« La preuve que Dieu nous aime » (Rm 5, 8)

Abbé Samih Raad

Homélie du 11 TO A

Frères et sœurs,

L’apôtre Paul nous livre aujourd’hui l’une des plus belles synthèses du mystère chrétien. En quelques versets, il nous conduit au cœur même de l’Évangile : l’amour de Dieu qui vient à la rencontre de l’humanité alors qu’elle est encore éloignée de lui.

Paul commence par un constat sans complaisance : « alors que nous n’étions encore capables de rien, le Christ est mort pour les impies que nous étions ». Il ne décrit pas une humanité triomphante, vertueuse ou méritante. Il décrit une humanité fragile, blessée, incapable de se sauver elle-même. La grandeur du salut chrétien réside précisément là : Dieu n’attend pas que l’homme soit parfait pour l’aimer. Il l’aime le premier.

Saint Augustin méditait souvent ce passage en soulignant que Dieu ne nous a pas aimés parce que nous étions bons ; il nous a aimés pour nous rendre bons. L’amour de Dieu ne récompense pas un mérite préalable ; il crée ce qu’il aime. Voilà pourquoi saint Paul peut affirmer : « La preuve que Dieu nous aime, c’est que le Christ est mort pour nous alors que nous étions encore pécheurs. »

Dans nos relations humaines, nous aimons spontanément ceux qui nous aiment, ceux qui nous ressemblent ou ceux qui nous font du bien. Le Christ, lui, révèle un amour d’une autre nature. Il donne sa vie pour ceux qui ne l’ont pas demandé, pour ceux qui l’ont rejeté, pour ceux qui étaient loin de lui. La Croix devient ainsi la manifestation suprême de la charité divine. Elle n’est pas seulement le signe de la souffrance du Christ ; elle est le signe de l’amour invincible de Dieu.

Mais l’apôtre Paul ne s’arrête pas à la Croix. Il ajoute : « Si nous avons été réconciliés avec Dieu par la mort de son Fils, à plus forte raison serons-nous sauvés en ayant part à sa vie. » La foi chrétienne ne s’arrête jamais au Vendredi saint ; elle conduit toujours vers Pâques. Le Christ n’est pas seulement mort pour nous ; il est vivant pour nous.

C’est ici que se trouve la grande espérance chrétienne. Nous ne sommes pas simplement pardonnés. Nous sommes appelés à participer à la vie même du Ressuscité. Comme l’enseignaient les Pères grecs, le salut n’est pas seulement l’effacement d’une dette ; il est une communion nouvelle avec Dieu.

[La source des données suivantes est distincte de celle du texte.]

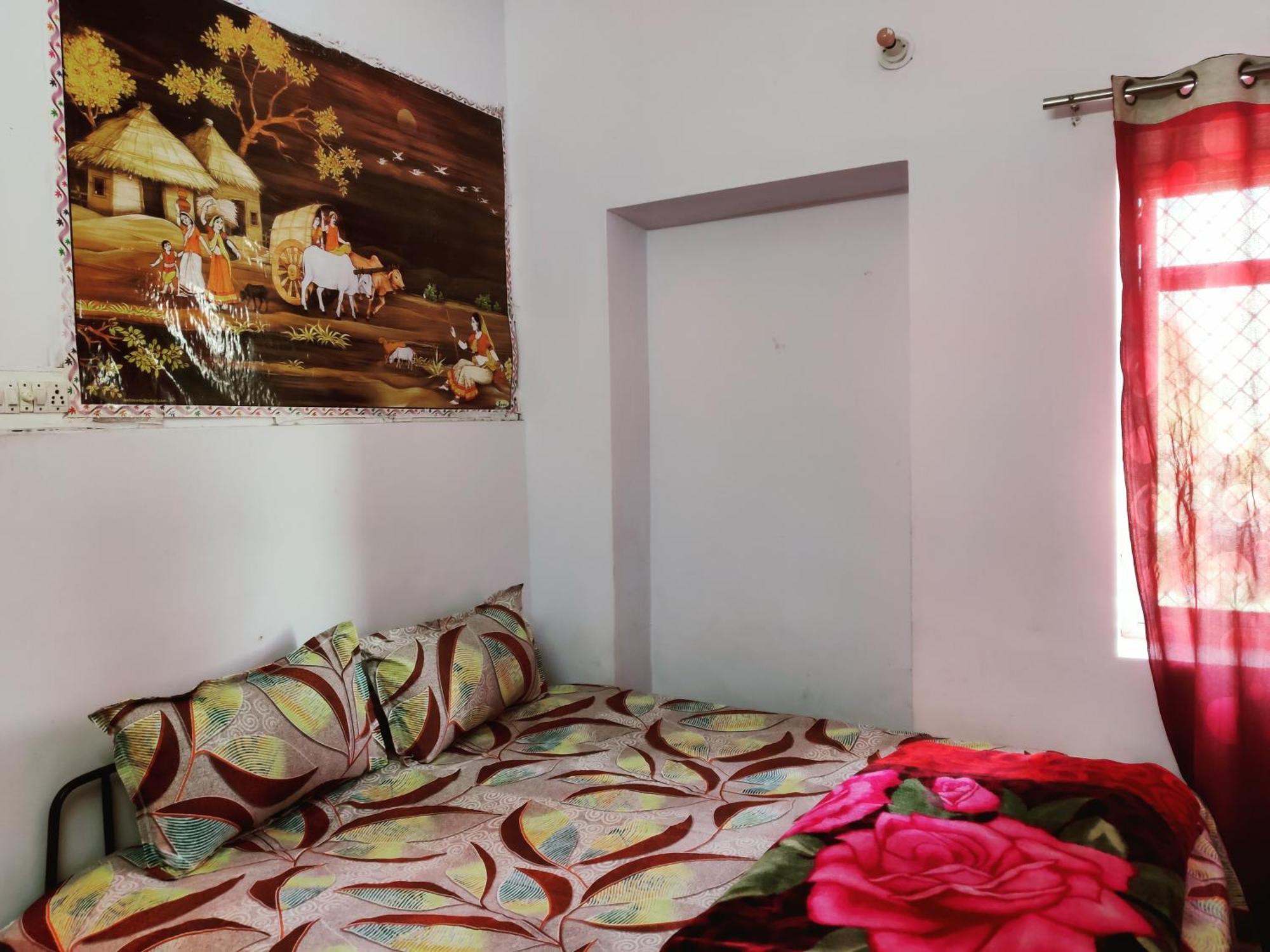 Ugs Guest House ジョードプル エクステリア 写真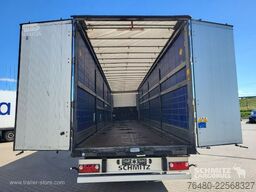 Schmitz Cargobull Schiebeplane Standard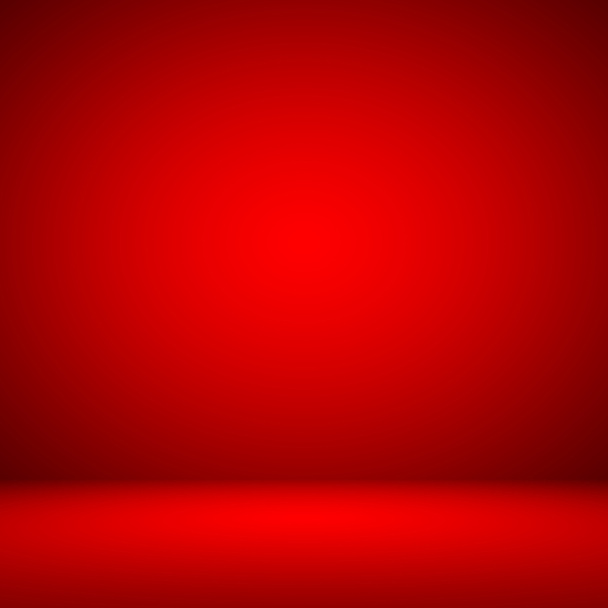 абстрактний дизайн червоного фону, веб-шаблон з гладким
  - Фото, зображення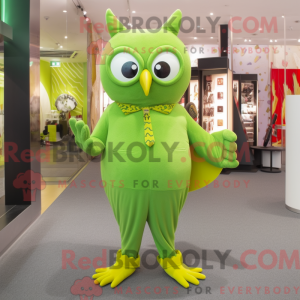 Personaggio mascotte del...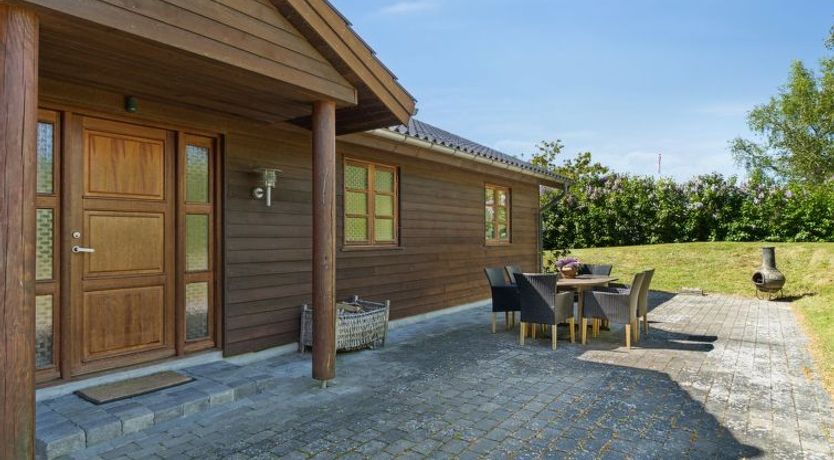 Photo of "Nantje" - 560m to the fjord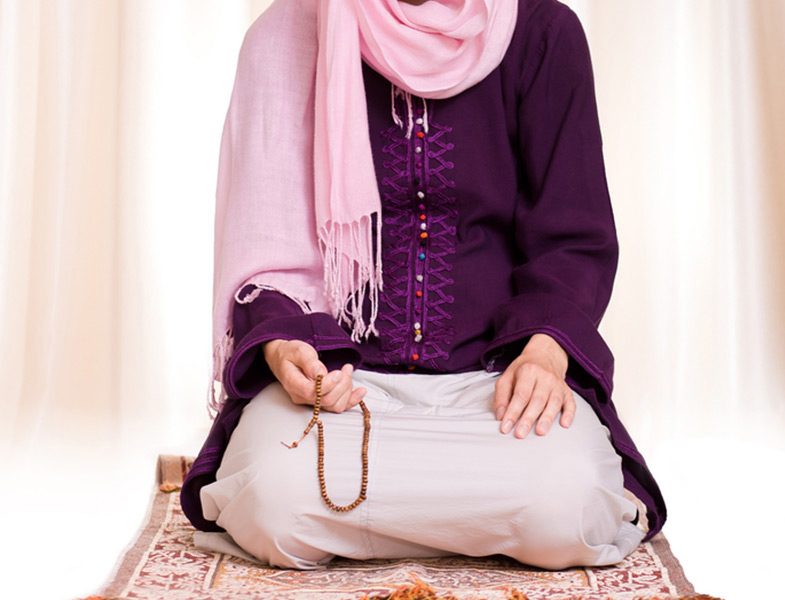 Kadir Gecesi Kılınacak Namaz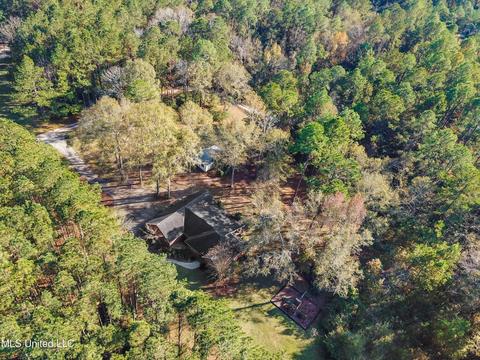 2918 Highway 26 Hwy, Wiggins, MS 39577 photo 30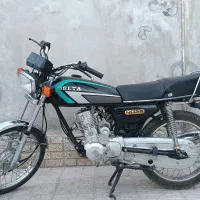 موتور لیفان مدل93
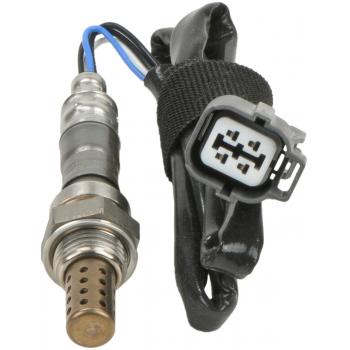 2005 Honda Civic Oxygen Sensor Downstream Bosch 13707 image 2 of 4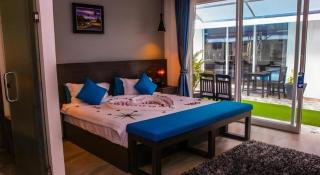 Good Time Boutique Hotel - 5
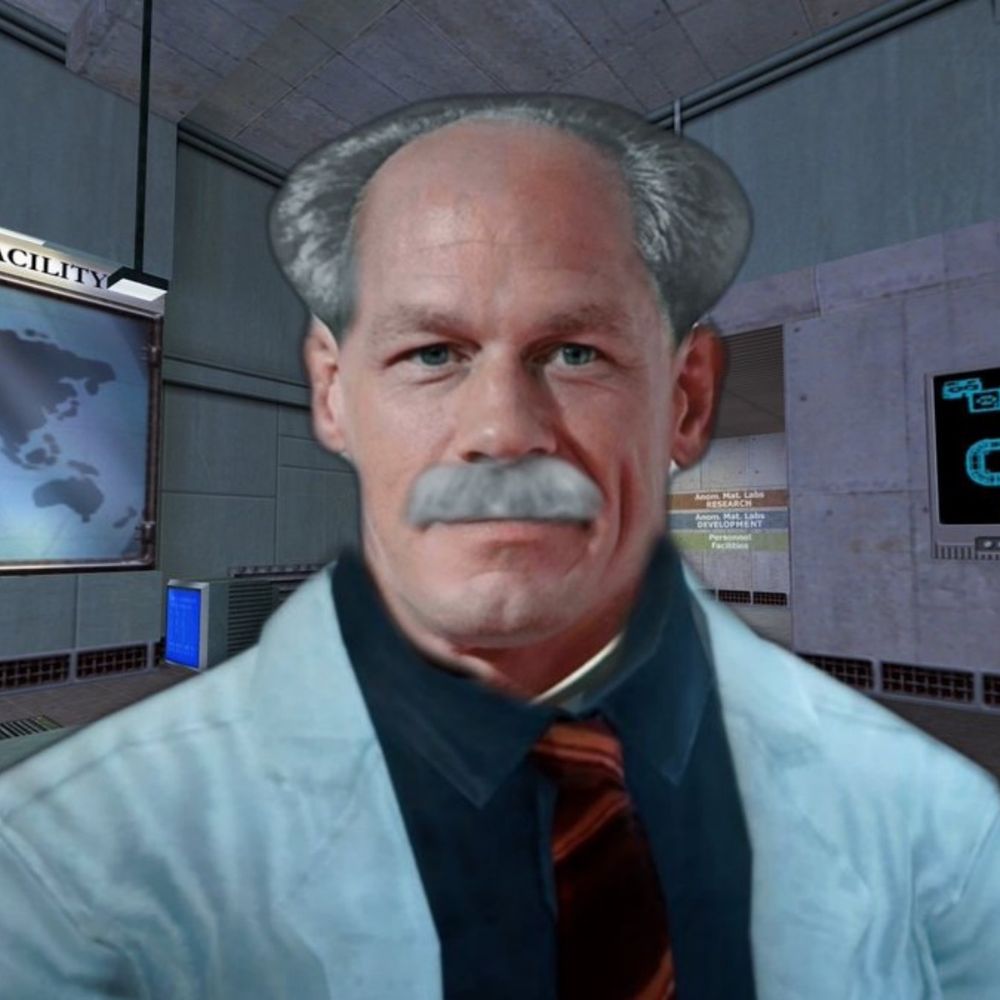 Dr Chocolate's avatar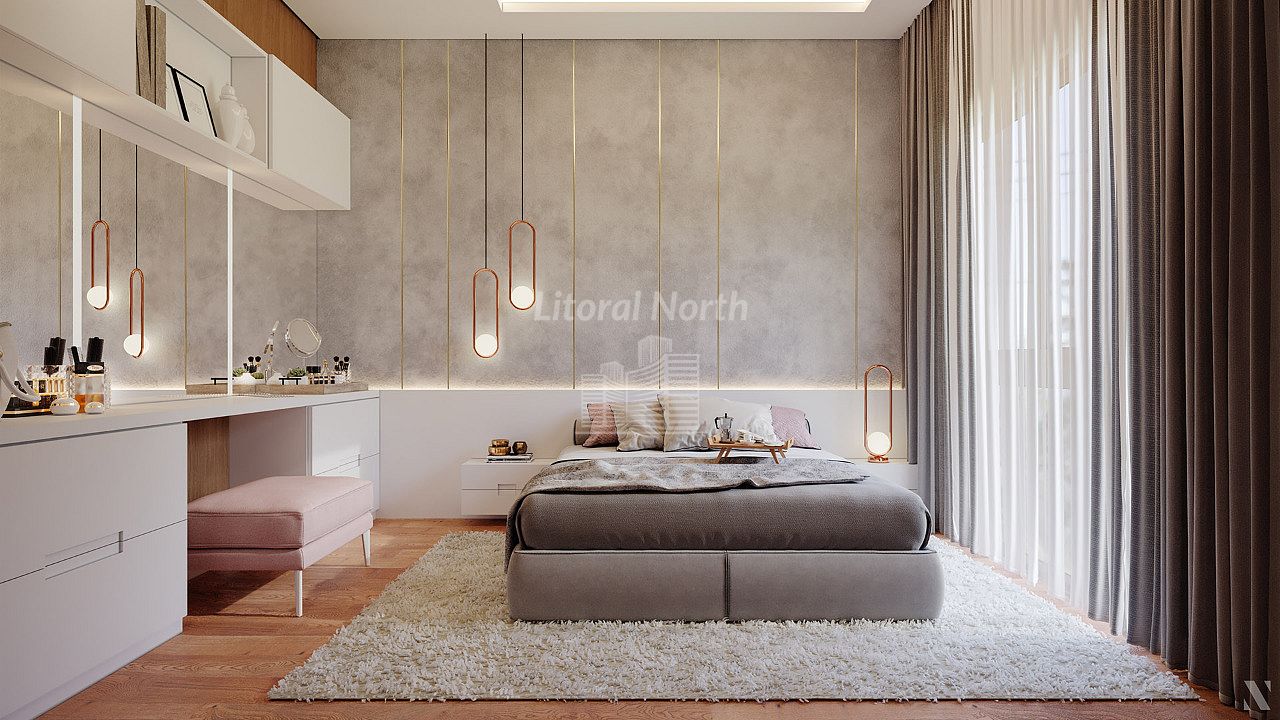 Apartamento à venda com 4 quartos, 4 suítes, 3 vagas e 138m² no Centro, Balneário Camboriú (SC) — foto 6 de 30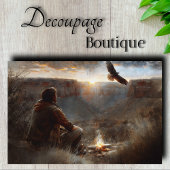 キャニオンワイルダネスデクページ 薄葉紙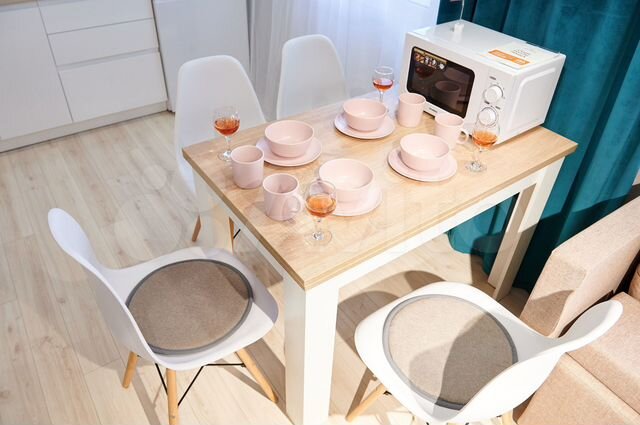 Квартира-студия, 32 м², 7/12 эт.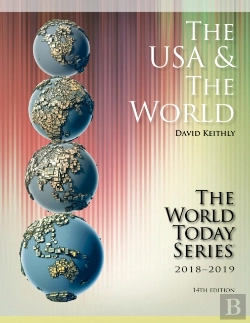 Bertrand.pt - The Usa And The World 2018-2019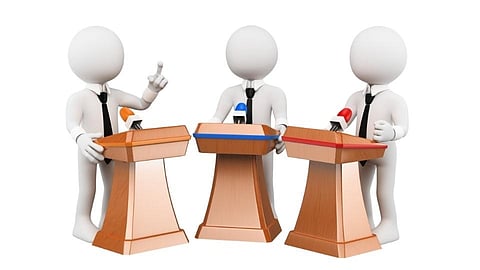 election of MA committee in belgaum best challenges to national party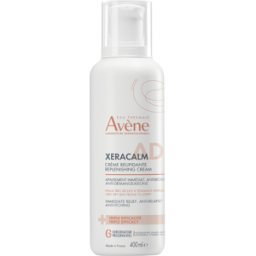 Avène Xeracalm A.d. Crema D.E.F.I. para pieles atópicas 400mL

Le Christ nous introduit dans sa propre vie. Par le baptême, par l’Eucharistie, par l’action de l’Esprit Saint, sa vie devient peu à peu notre vie.

Cette parole est particulièrement importante dans un monde marqué par les divisions, les conflits et les blessures. Beaucoup vivent réconciliés avec personne : ni avec Dieu, ni avec les autres, ni parfois avec eux-mêmes. Or saint Paul nous annonce que la réconciliation est un don déjà offert. Dieu a fait le premier pas. Avant même que nous le cherchions, il est venu nous chercher.

Recevoir cette réconciliation nous invite à devenir à notre tour des artisans de réconciliation. Celui qui a expérimenté la miséricorde de Dieu ne peut demeurer prisonnier du ressentiment. Celui qui a été aimé gratuitement est appelé à aimer gratuitement. Celui qui a été réconcilié avec Dieu est envoyé pour porter la paix autour de lui.

Enfin, Paul conclut : « Nous mettons notre fierté en Dieu, par notre Seigneur Jésus Christ, par qui maintenant nous avons reçu la réconciliation. » Notre joie ne repose pas sur nos succès, nos qualités ou nos réalisations. Elle repose sur cette certitude : nous sommes aimés de Dieu. Un amour qui nous a précédés, un amour qui nous accompagne, un amour qui ne nous abandonnera jamais.

En cette Eucharistie, demandons la grâce de contempler davantage cet amour manifesté dans la Croix et dans la Résurrection du Christ. Qu’en recevant son Corps et son Sang, nous accueillions toujours plus profondément la réconciliation qu’il nous offre et que nous devenions, au milieu du monde, des témoins de sa charité. Amen.